Assigned task>
Nothing should appear in the answer except the lines below from the line containing "Gewerbeimmobilie mieten in" through the line containing "Brand New RTX 3060 Gaming Computer", copied exactly, with pictures left out.

Source records>
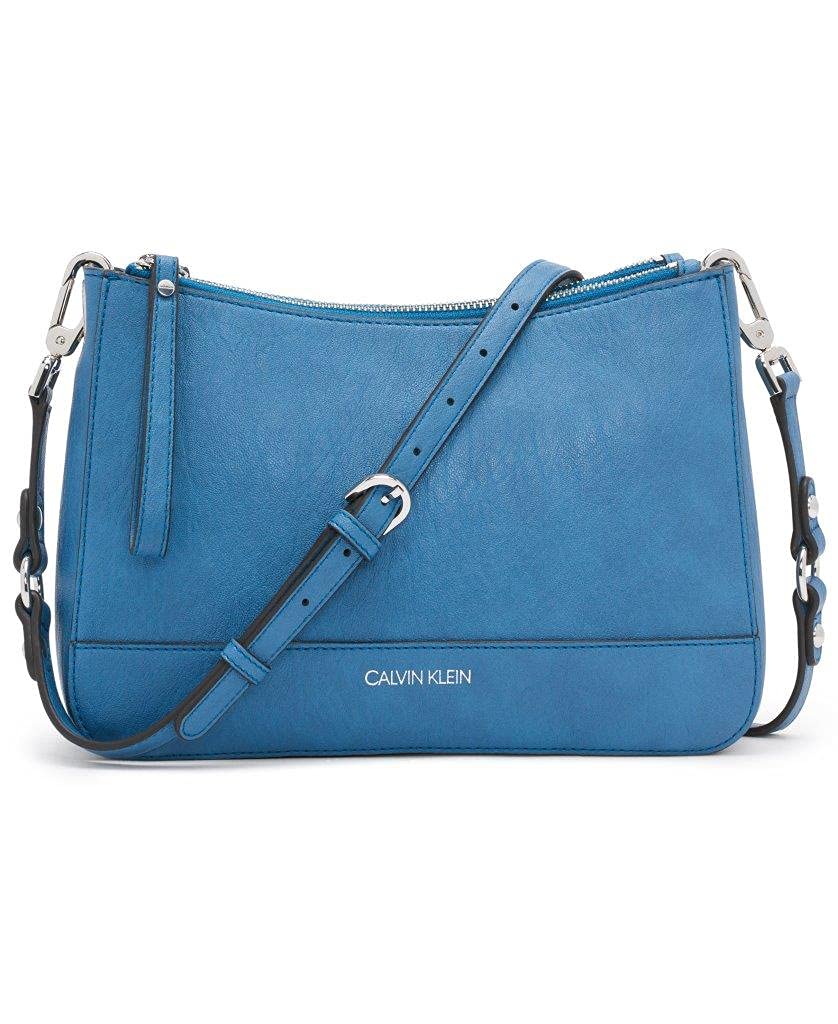 Calvin Klein Reyna Novelty Crossbody Bag in Orchid Flower Print - Stylish Women's Shoulder Purse for Casual Outings, Date Night & Travel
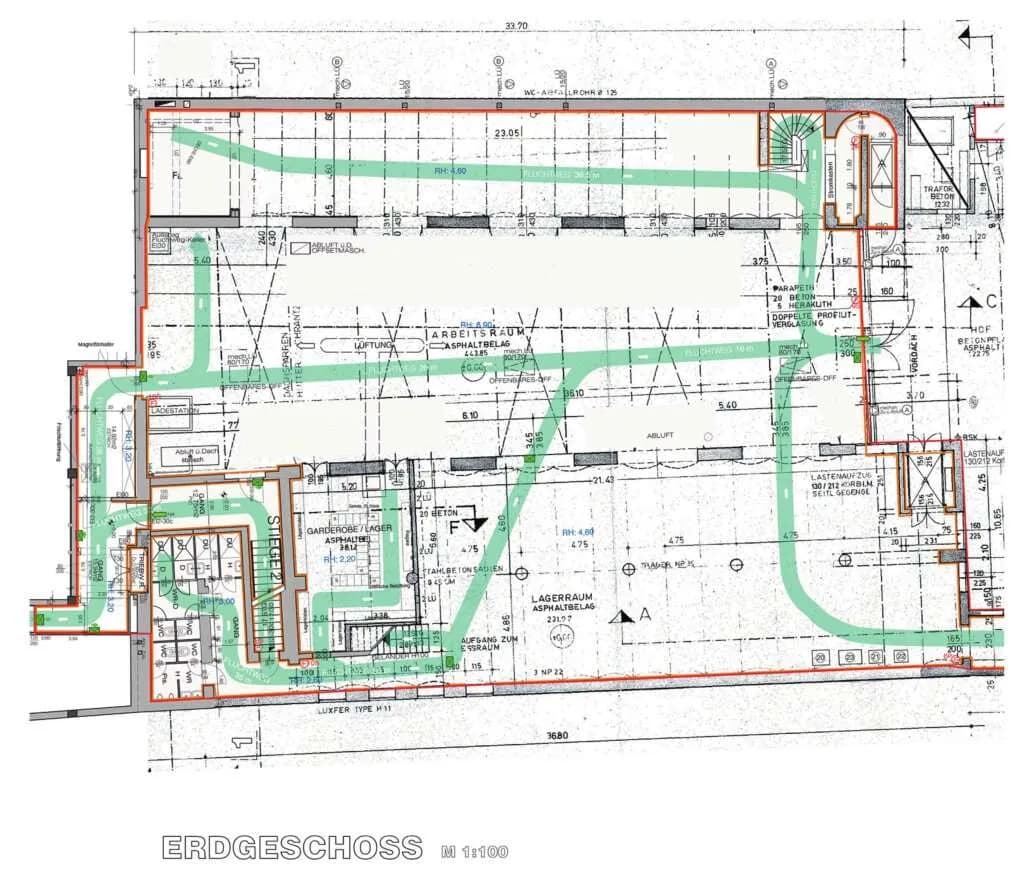 Gewerbeimmobilie mieten in Wien – 800 m², € 12.735 – Bild 4 von 4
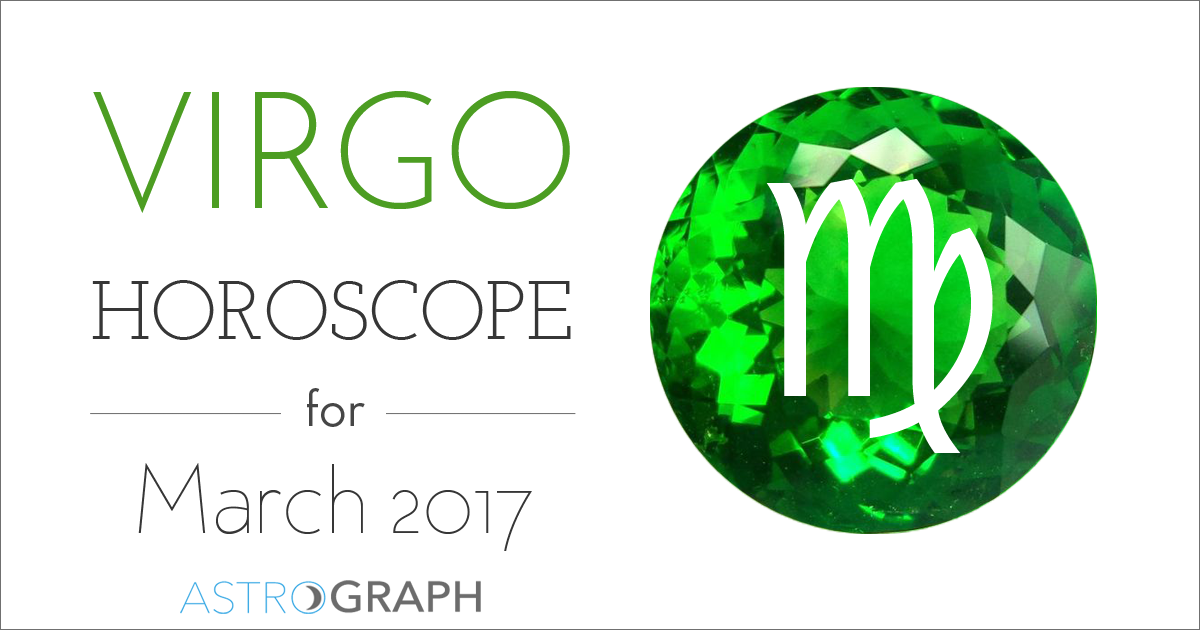 Virgo Horoscope for March 2017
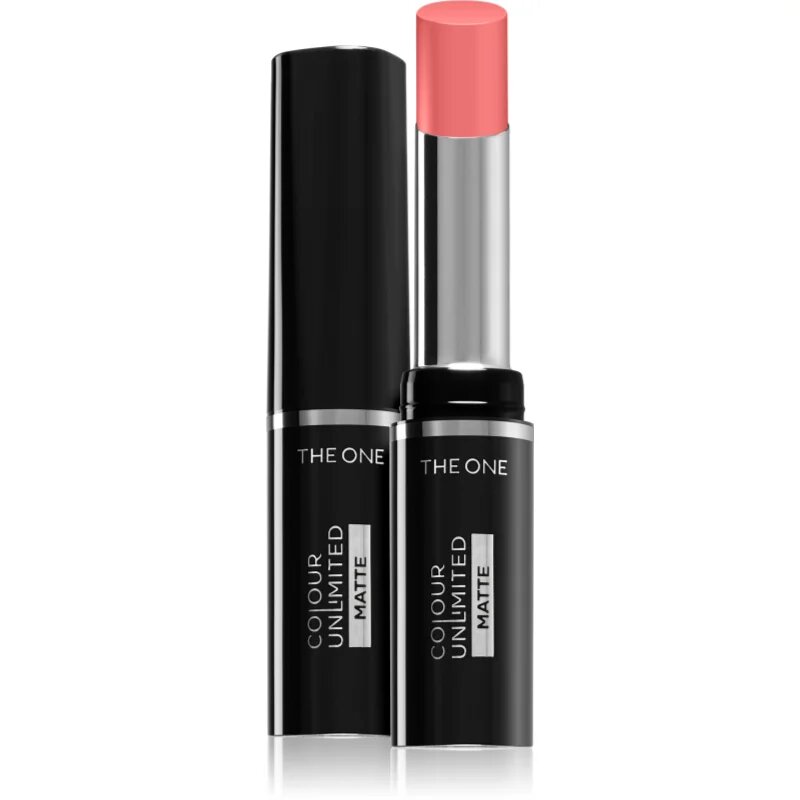 Oriflame The One Colour Unlimited matná rtěnka pro dlouhotrvající efekt odstín Nonstop Nude 25 g
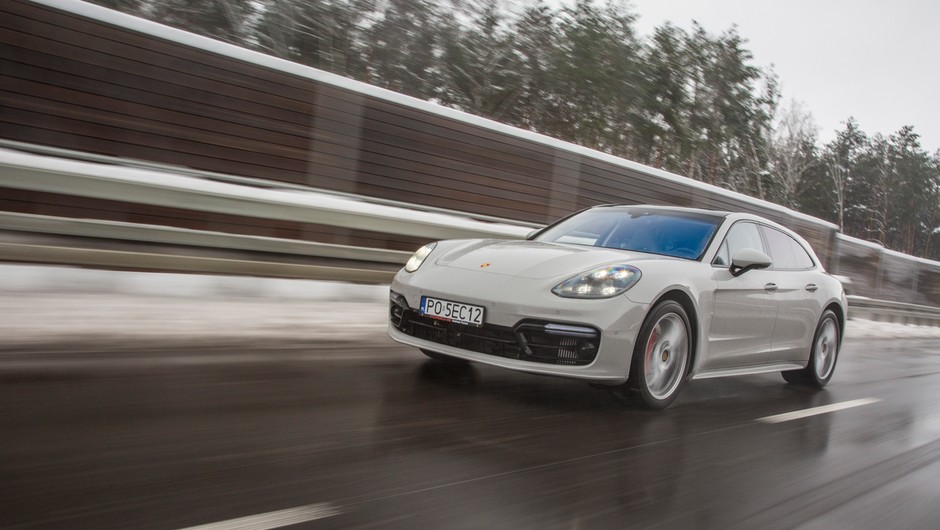 Porsche Panamera Sport Turismo Turbo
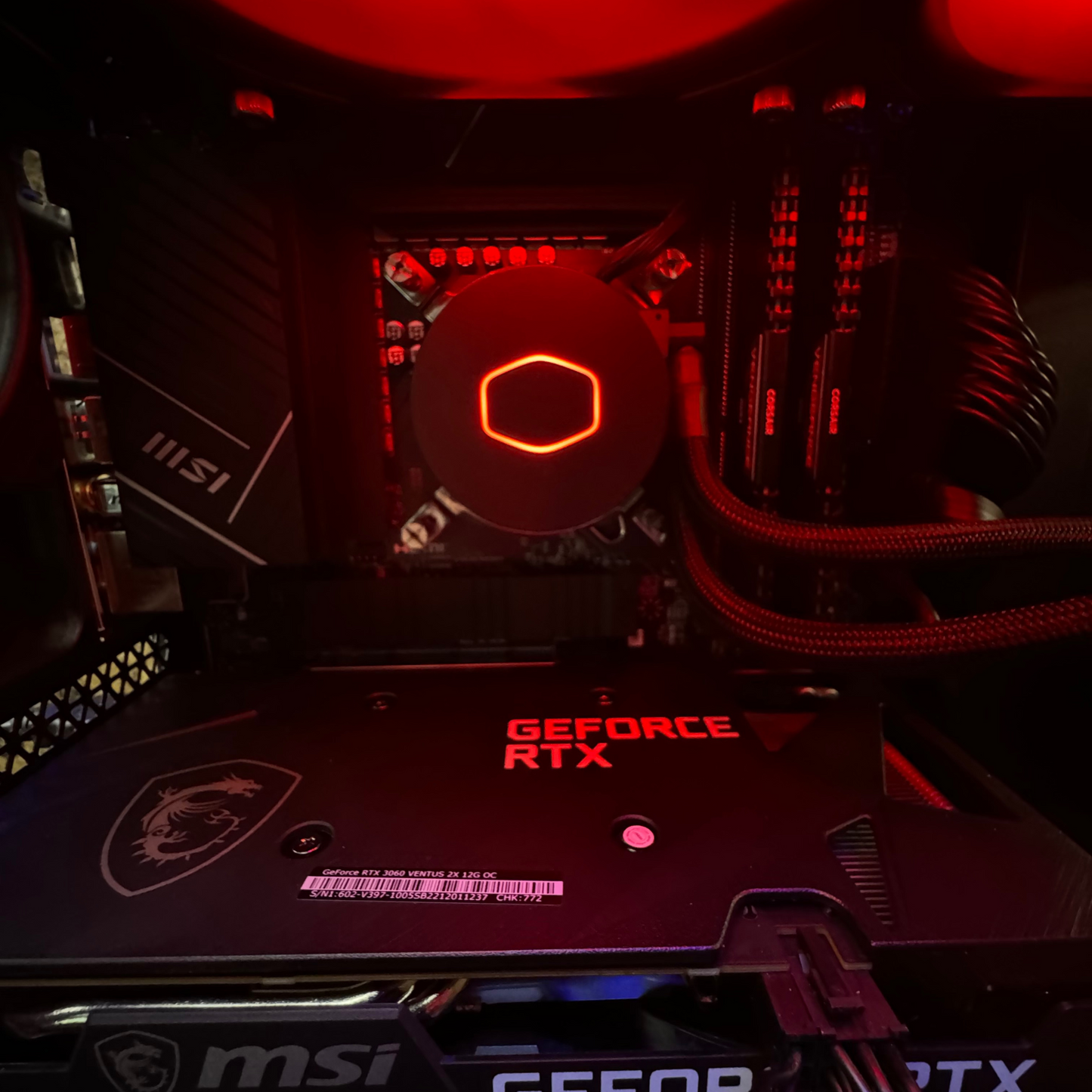 Brand New RTX 3060 Gaming Computer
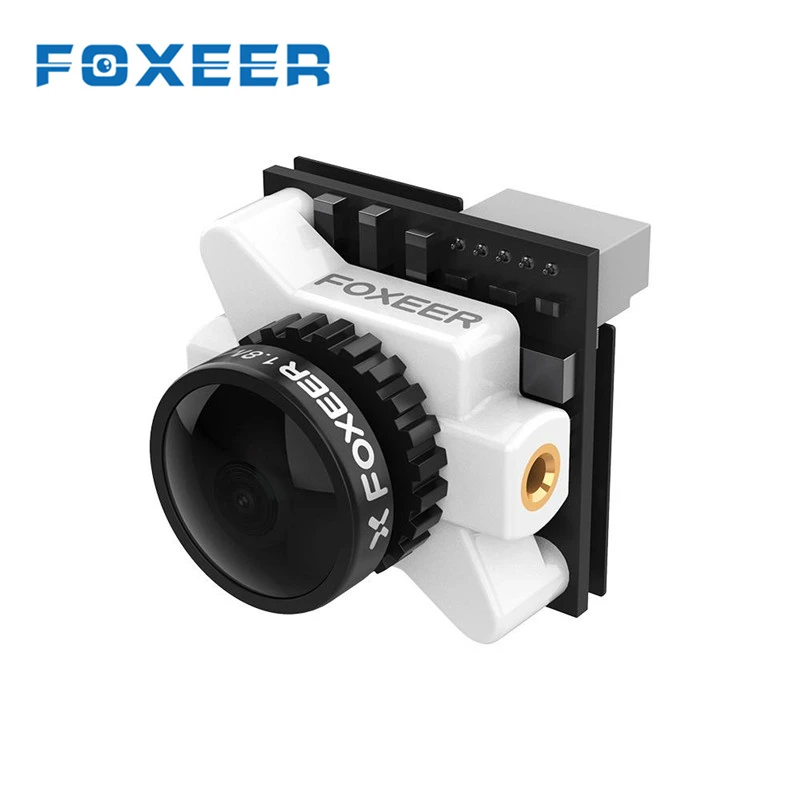 

Original Foxeer Micro Falkor 1.8mm 1200TVL 16:9/4:3 PAL/NTSC Switchable GWDR FPV Camera for RC Models FPV Racing Drone Part Accs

Solution to this exercise>
 Gewerbeimmobilie mieten in Wien – 800 m², € 12.735 – Bild 4 von 4
 Virgo Horoscope for March 2017
 Oriflame The One Colour Unlimited matná rtěnka pro dlouhotrvající efekt odstín Nonstop Nude 25 g
 Porsche Panamera Sport Turismo Turbo
 Brand New RTX 3060 Gaming Computer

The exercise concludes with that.